### DATA IN THIS EXERCISE

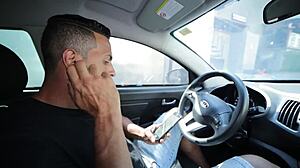 blonde girl does a program for 50 reais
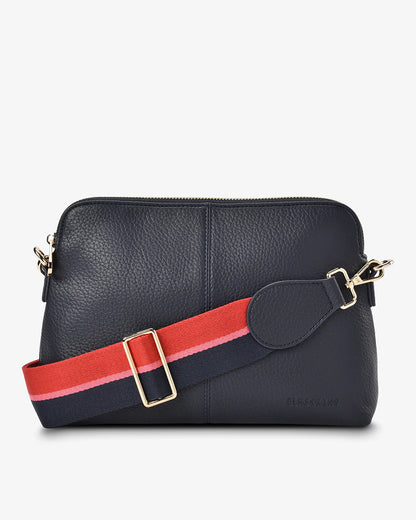 ELMS + KING -  Burbank Crossbody Large | French Navy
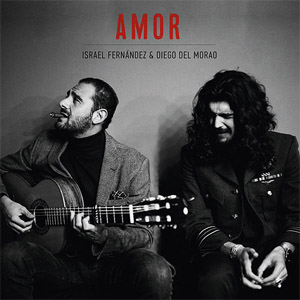 Álbum Amor de Israel Fernández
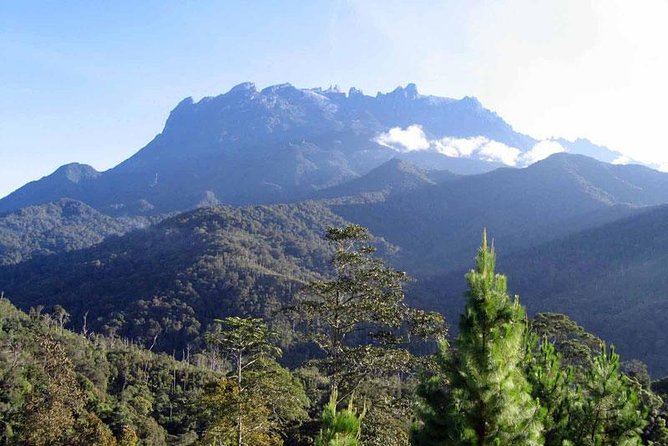 Kinabalu Park & Poring Hot Spring Tour - The day at a glance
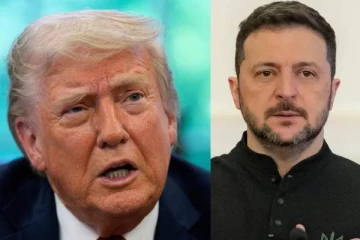 புடினுடன் அமெரிக்கா ஒப்பந்தம்... ஜெலென்ஸ்கியை கடுமையாக சாடிய ட்ரம்ப்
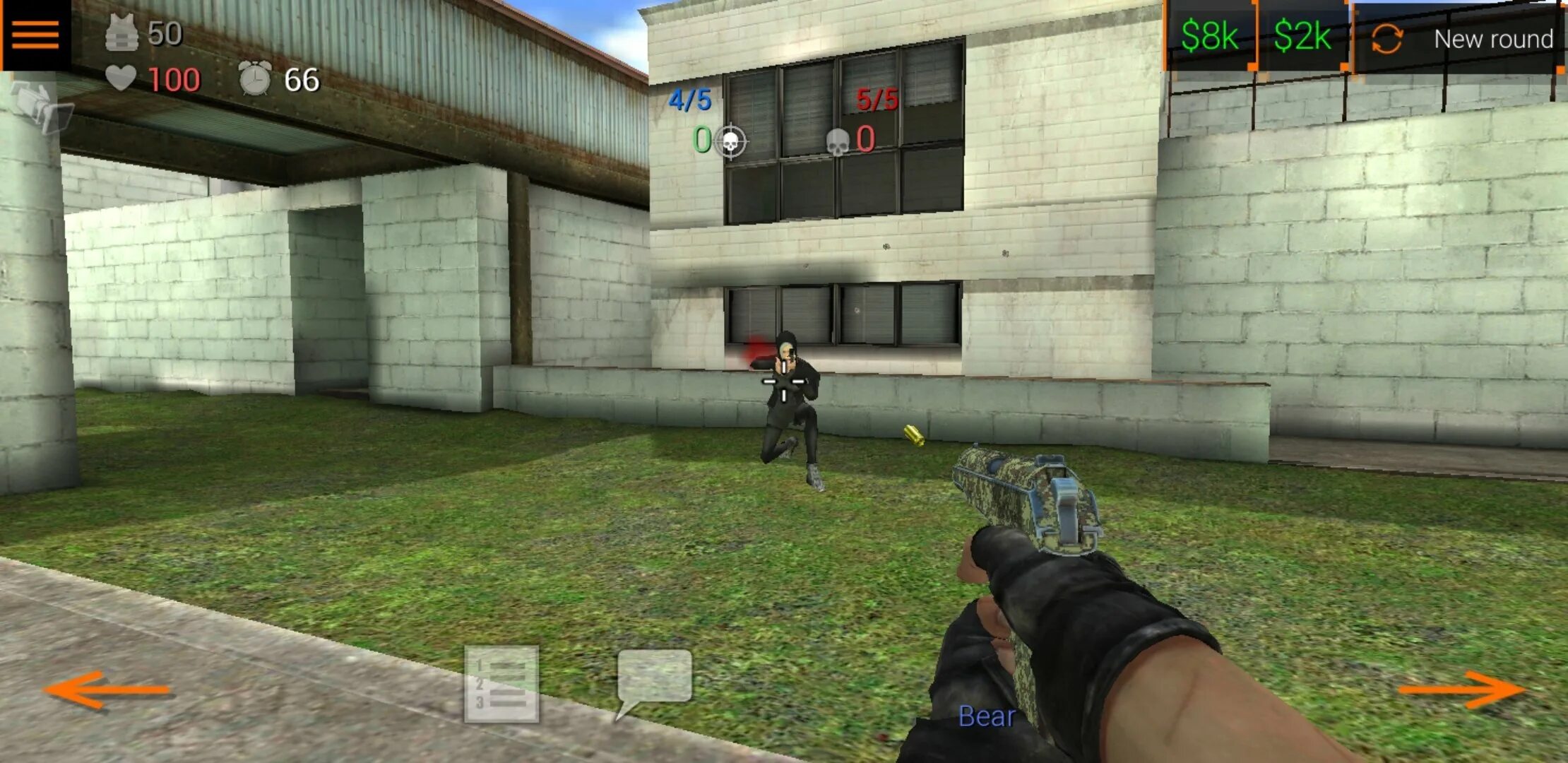 Cs 2 android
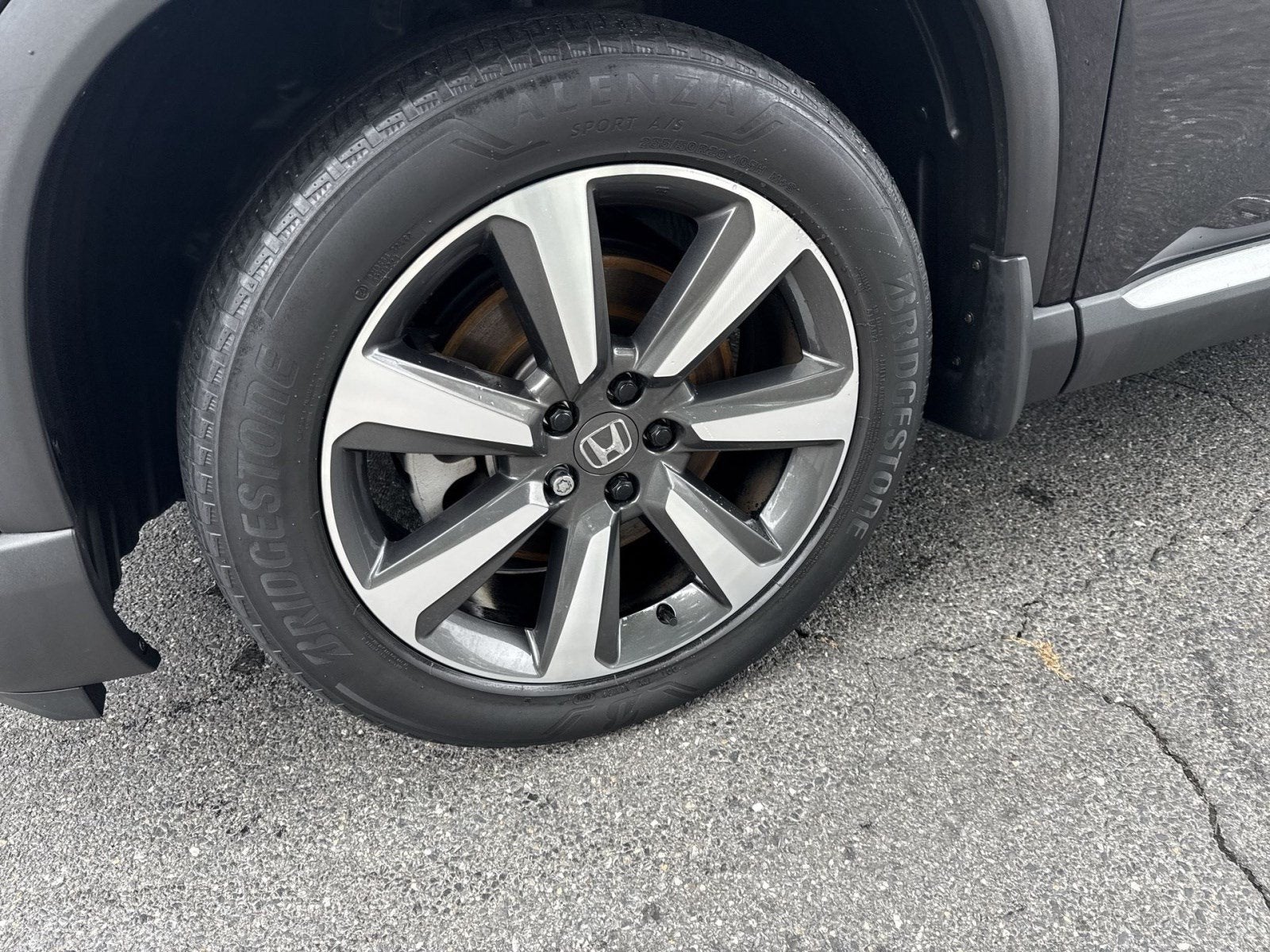 2025 Honda Pilot Elite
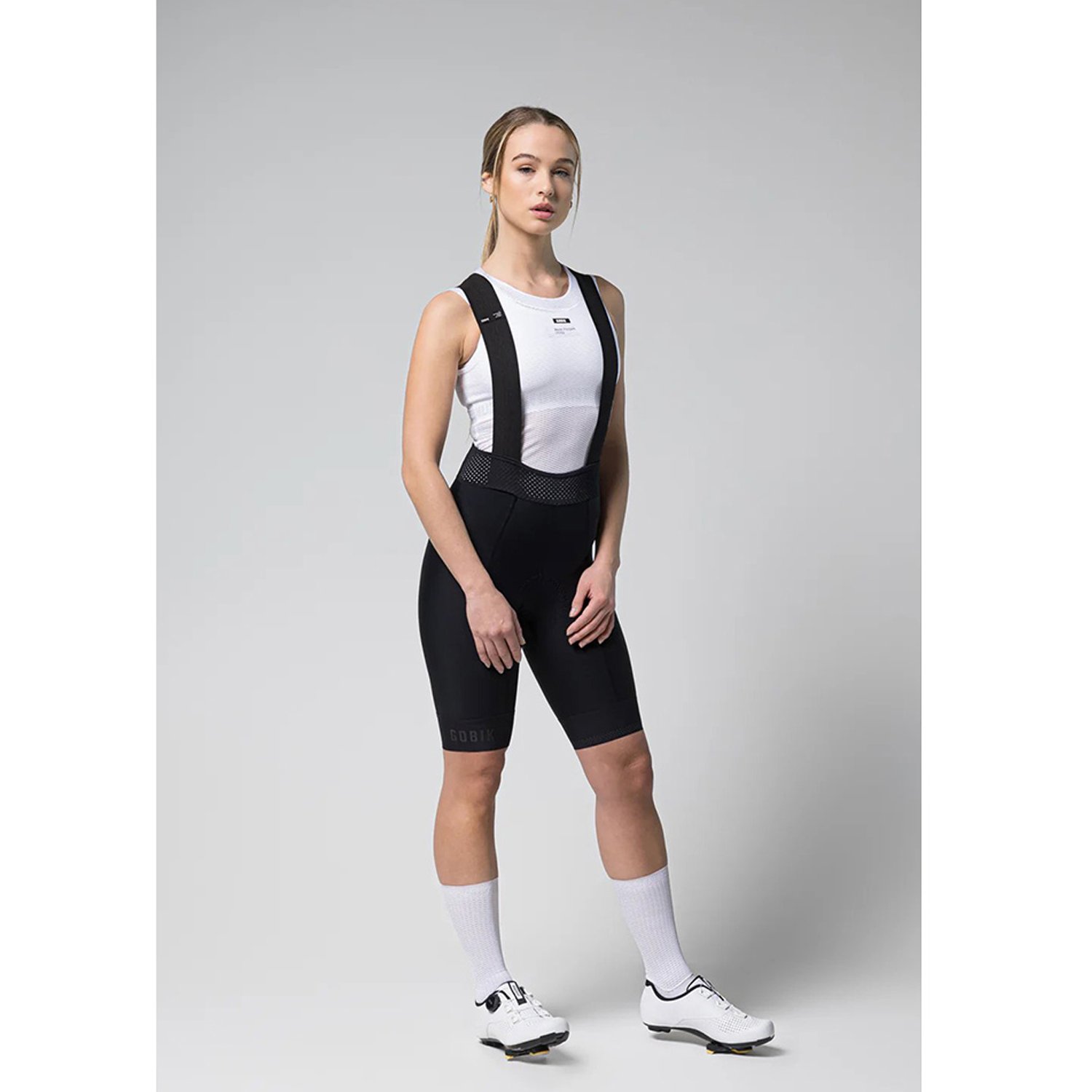 Велотрусы GOBIK LIMITED 6.0 WOMEN, с лямками, черный, 10-02-005-056 (Размер: , Цвет: Черный
Велотрусы GOBIK LIMITED 6.0 WOMEN, с лямками, черный, 10-02-005-056 (Размер: , Цвет: Черный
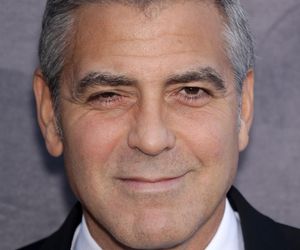 George Clooney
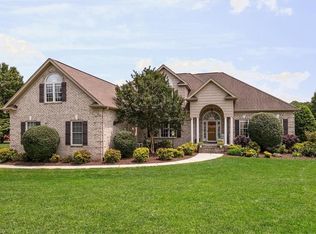 5812 Crutchfield Farm Rd, Oak Ridge, NC 27310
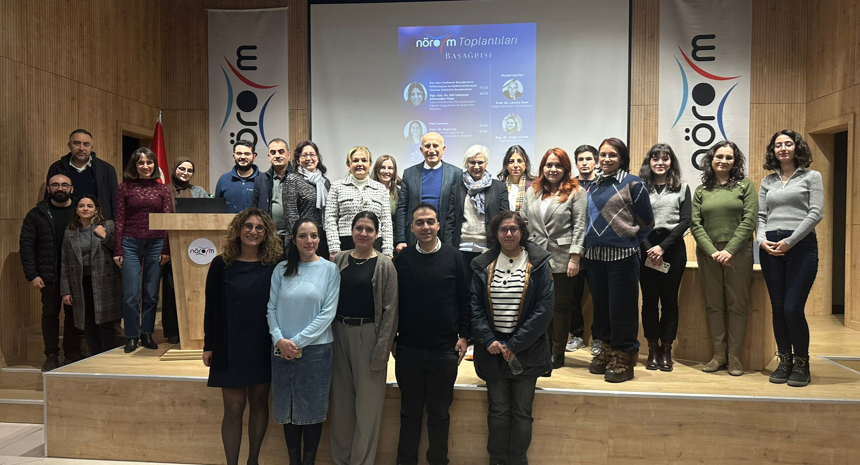 The first "NÖROM Meetings: Headache" event of 2026 was held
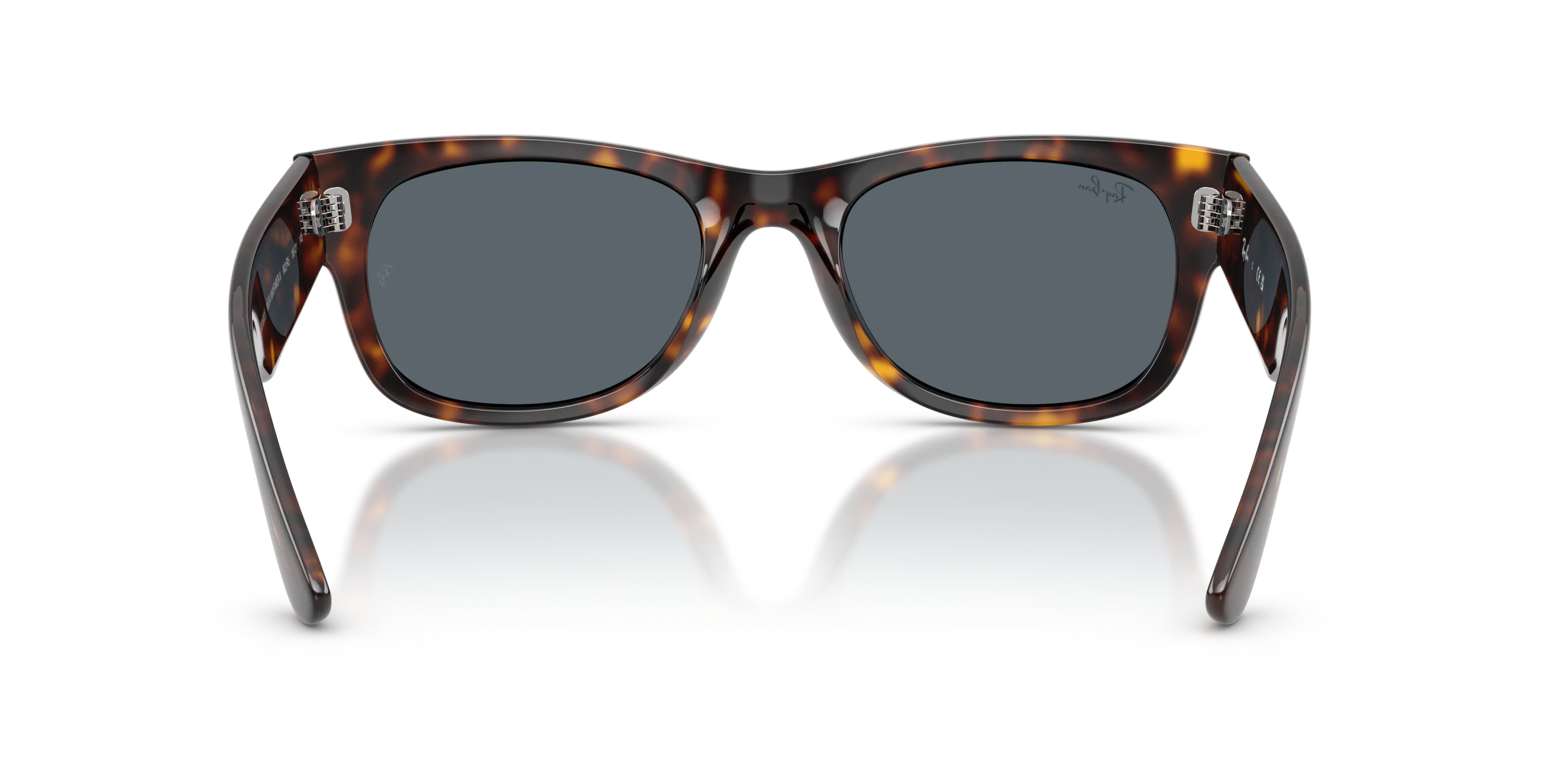 Ray-Ban MEGA WAYFARER II RB0832S 902/R5 | David Clulow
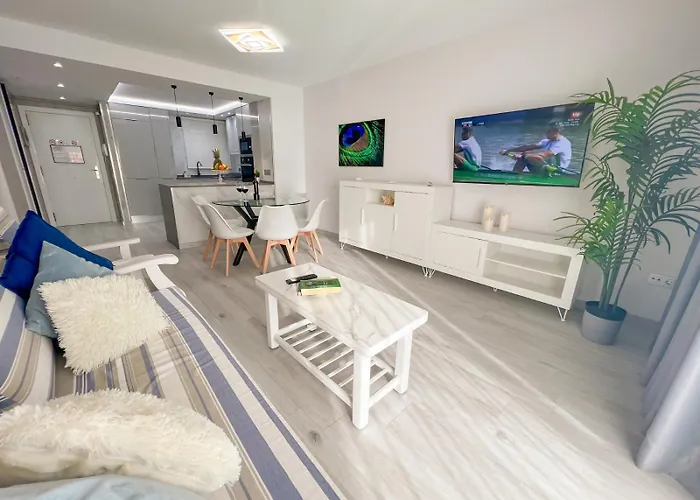 Mediterranea Loft New Apartment *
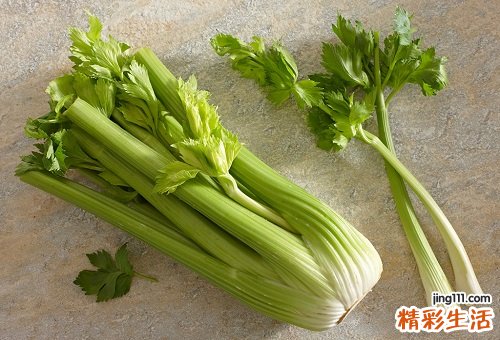 芹菜的营养价值
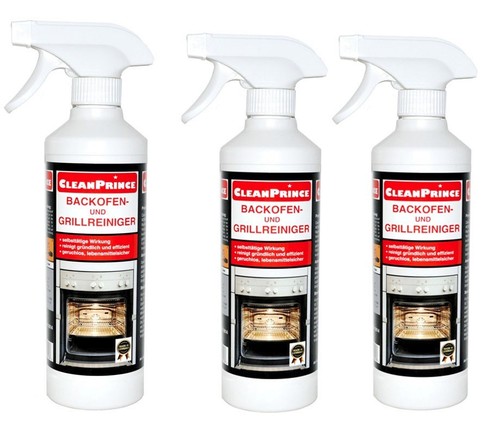 Cleanprince nettoyant four - four, &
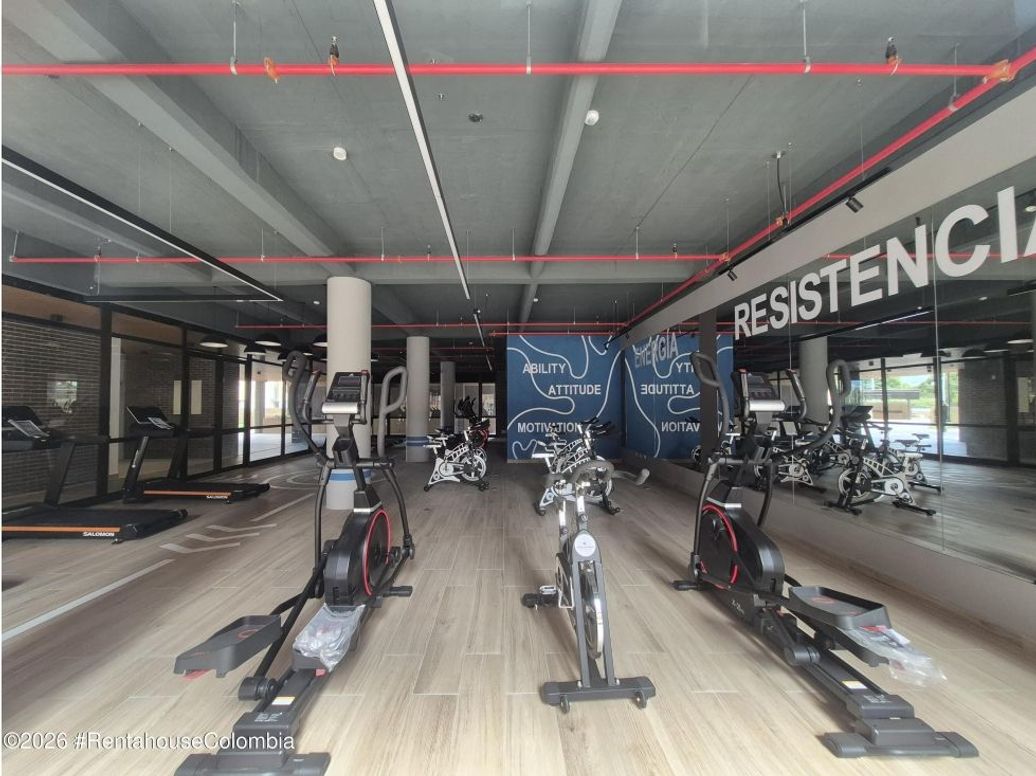 Apartamento de 1 alcoba en venta en Parque Popular Salitre, Bogotá, 31 m² · foto 13 de 14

######

▸ **WORK ORDER**:
Using the records above, reproduce exactly the lines from the line containing "Cleanprince nettoyant four - four, &" through the last line, with both ends kept and no pictures.

▸ **OUTPUT OF THE TASK**:
 Cleanprince nettoyant four - four, &
 Apartamento de 1 alcoba en venta en Parque Popular Salitre, Bogotá, 31 m² · foto 13 de 14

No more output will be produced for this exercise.